Rivive sabato 8 novembre ai Cantieri Culturali della Zisa di Palermo, attraverso la presentazione dell’ultimo romanzo di Alessandro D’Avenia, la vicenda umana di don Puglisi e, con essa, il dramma di ombra e luce, di rassegnazione e di speranza, che segna tanta parte della storia di questa terra.

Ad introdurre il pubblico di giovani al significato di Ciò che inferno non è (Mondadori 2014), ultima fatica dello scrittore palermitano che vive e insegna a Milano, già autore dei best sellers Bianca come il latte rossa come il sangue e Cose che nessuno sa, Pietro Grasso, Presidente del Senato e testimone, a Palermo, della stagione delle stragi di mafia e dell’assassinio di don Pino che il libro ripercorre attraverso gli occhi e le domande di Federico, l’adolescente protagonista del racconto.
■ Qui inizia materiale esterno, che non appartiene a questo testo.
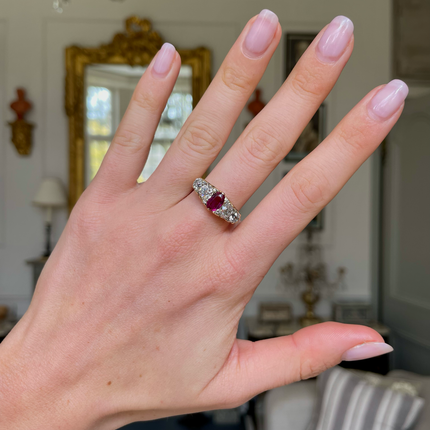 Victorian, Oval-Cut Burmese Ruby and Diamond Five Stone Engagement Ring, 18ct Yellow Gold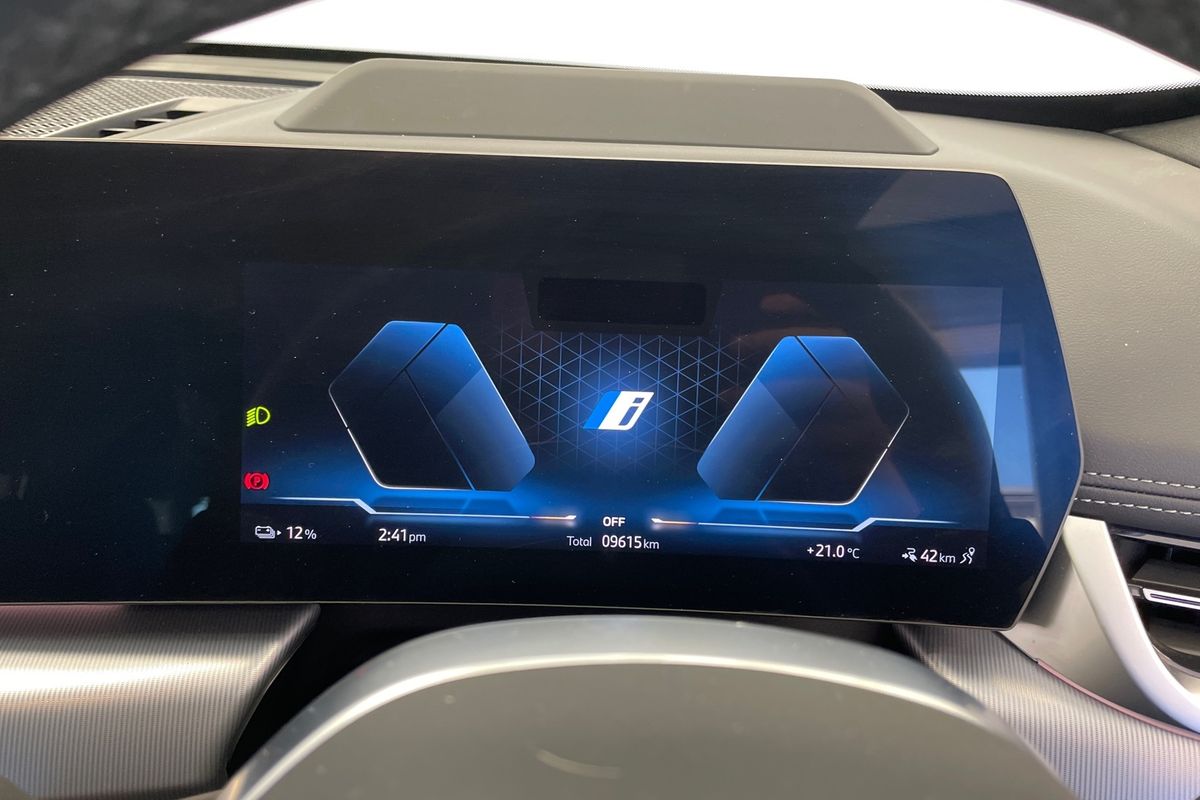 2025 BMW iX1 xDrive30 xLine U11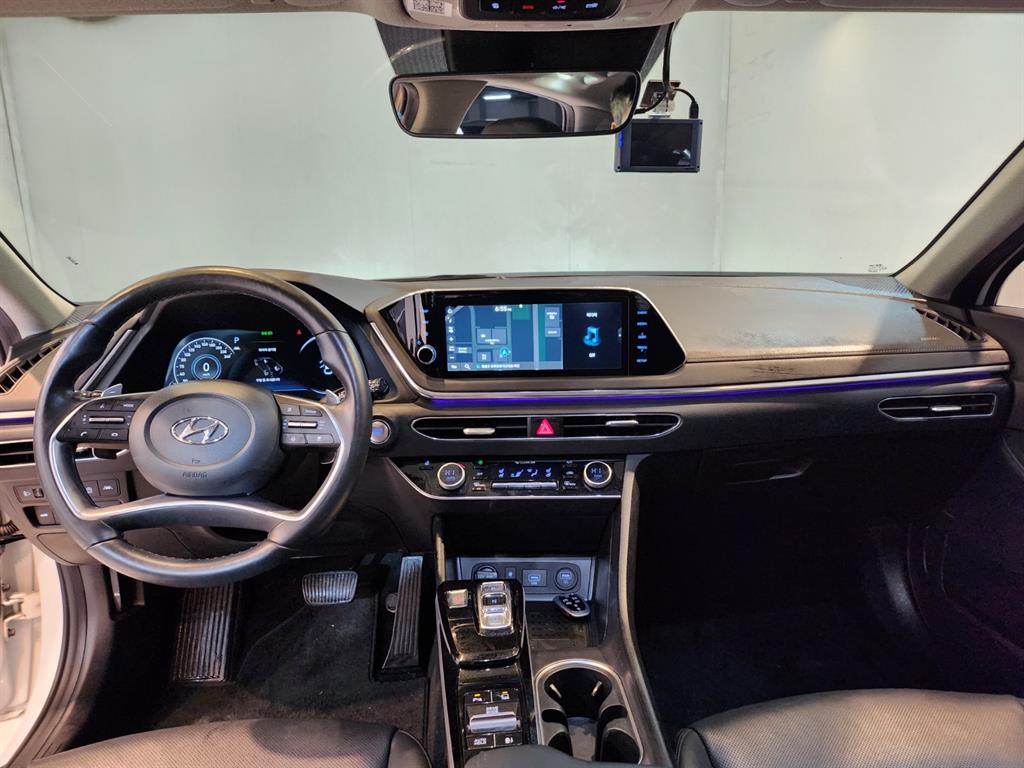 HYUNDAI Sonata - Vista 7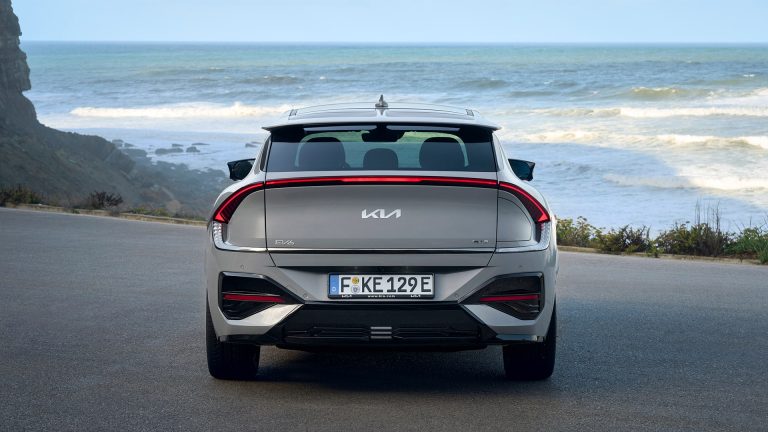 Ranking de seguros a todo riesgo con franquicia para coches eléctricos por debajo de 700 € al año: cobertura de batería, cable y wallbox comparadas Ranking de seguros a todo riesgo con franquicia para coches eléctricos por debajo de 700 € al año: cobertura d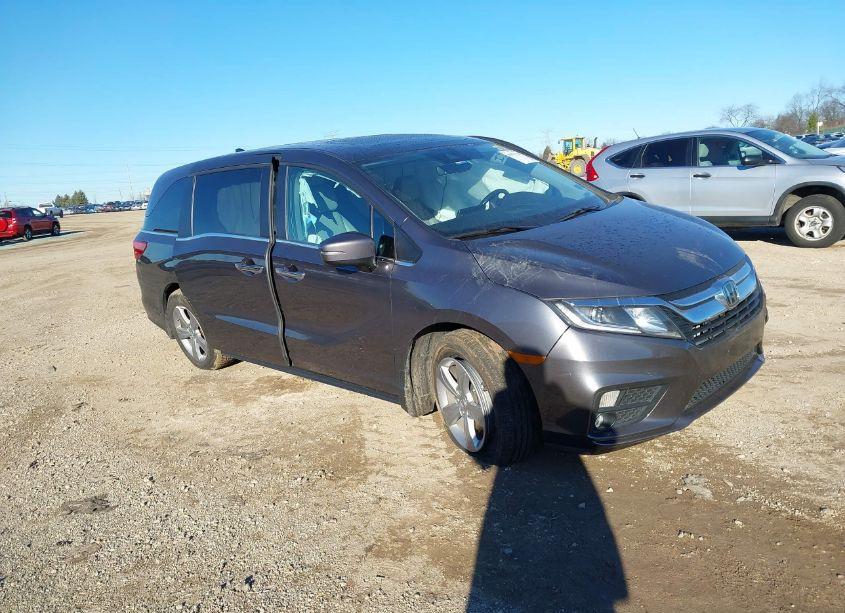 2018 Honda Odyssey EX-L (VIN 5FNRL6H7XJB050412) main photo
«Le pagine del romanzo – afferma Grasso – rievocano con efficaci pennellate il contesto di incertezza in cui l’Italia si trovava all’indomani delle stragi di mafia del ‘93». L’immagine che ne viene fuori è cosparsa dai detriti del tratto di autostrada di Capaci e dai «brandelli dei corpi dilaniati scaraventati sino agli ultimi piani dello stabile in via D’Amelio». Dentro quell’inferno e dentro l’opacità distratta della vita di tanta gente – racconta Alessandro D’Avenia – «come in un quadro di Caravaggio, non si sa da dove, irrompe un fascio di luce che, senza alcun idealismo, squarcia le tenebre della quotidianità». Quel raggio di luce è presente tra i corridoi del Liceo frequentato da Federico: è il sorriso di Padre Pino Puglisi. Lo stesso sorriso che Alessandro D’Avenia, allora studente, e i suoi compagni incontravano a scuola. Lo stesso che 3P ha rivolto ai suoi assassini pronunciando quel disarmante «Me l’aspettavo» e per il quale l’uomo che gli ha sparato, Salvatore Grigoli, il “Cacciatore”, dice di non averci dormito la notte. Un sorriso ed uno sguardo rivolti a tutti, ma soprattutto ai ragazzi della sua parrocchia a Brancaccio.
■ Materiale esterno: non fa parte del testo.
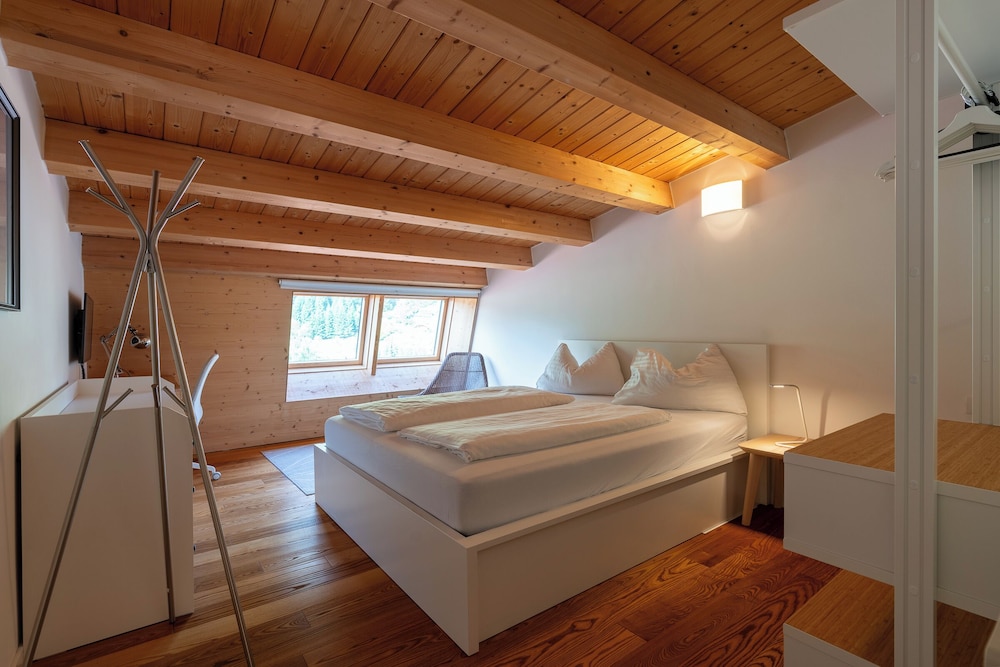 بنتهاوس بانورامي بسريرين كوين بإطلالة على الجبل بغرفة نوم واحدة مع أريكة، Quercus Appartements 2/10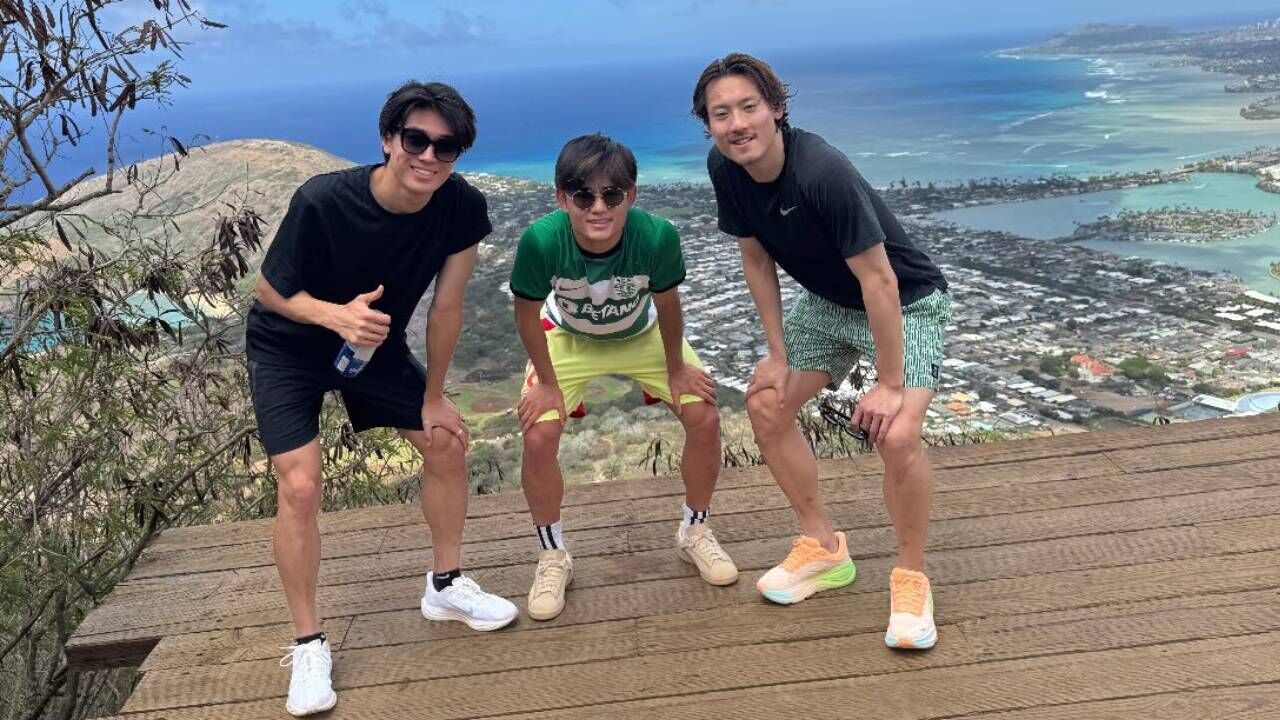 Kubo veste camisola do Sporting, cortesia de Morita, durante as férias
«Non si trattava di un prete-antimafia – ammette il Presidente del Senato – era solo un “prete”»; insignificante agli occhi dei più. Non certo a quelli dei mafiosi che, nelle intercettazioni , ne constatavano la pericolosità perché «si porta i picciriddi cu iddu».

In un contesto di prevaricazione in cui i bambini sembrano posti davanti all’unica scelta possibile: quella tra l’essere prede o divenire cacciatori, il sacerdote indica loro un’altra strada: quella che conduce alla santità come compimento dell’umano. «In quella zona d’ombra in cui luce e tenebra si lambiscono e in cui una stessa parola , come “parrino”, può indicare il padrino mafioso o il prete – commenta lo scrittore – la mafia riconosce in lui un potere uguale e contrario al proprio, ma superiore perché ottiene il consenso senza ricorrere alla violenza».

Si tratta dell’attrattiva generata dalla bellezza, dal dilatarsi di “ciò che inferno non è” e che vince la sporcizia del male. Una realtà che si fa largo non per un eroismo straordinario, ma per la straordinaria capacità di fare bene le cose di ogni giorno: a scuola, sul lavoro, in parrocchia. Si chiama educazione. Occorre, però – afferma D’Avenia – che soprattutto i ragazzi abbiano la possibilità di incontrare «qualcuno che dica loro per cosa vale la pena di spendere la vita».

In questo tempo triste in cui l’ideale più alto sembra essere quello eutanasico del morire senza soffrire, la tomba a forma di spiga di frumento di Padre Puglisi ricorda a tutti che per costruire la città di Dio dentro la città degli uomini «non basta evitare il male, il bene bisogna farlo». Fino al sacrificio di sé, seguendo quel sorriso ovunque si palesi, fosse anche tra pagine di un romanzo.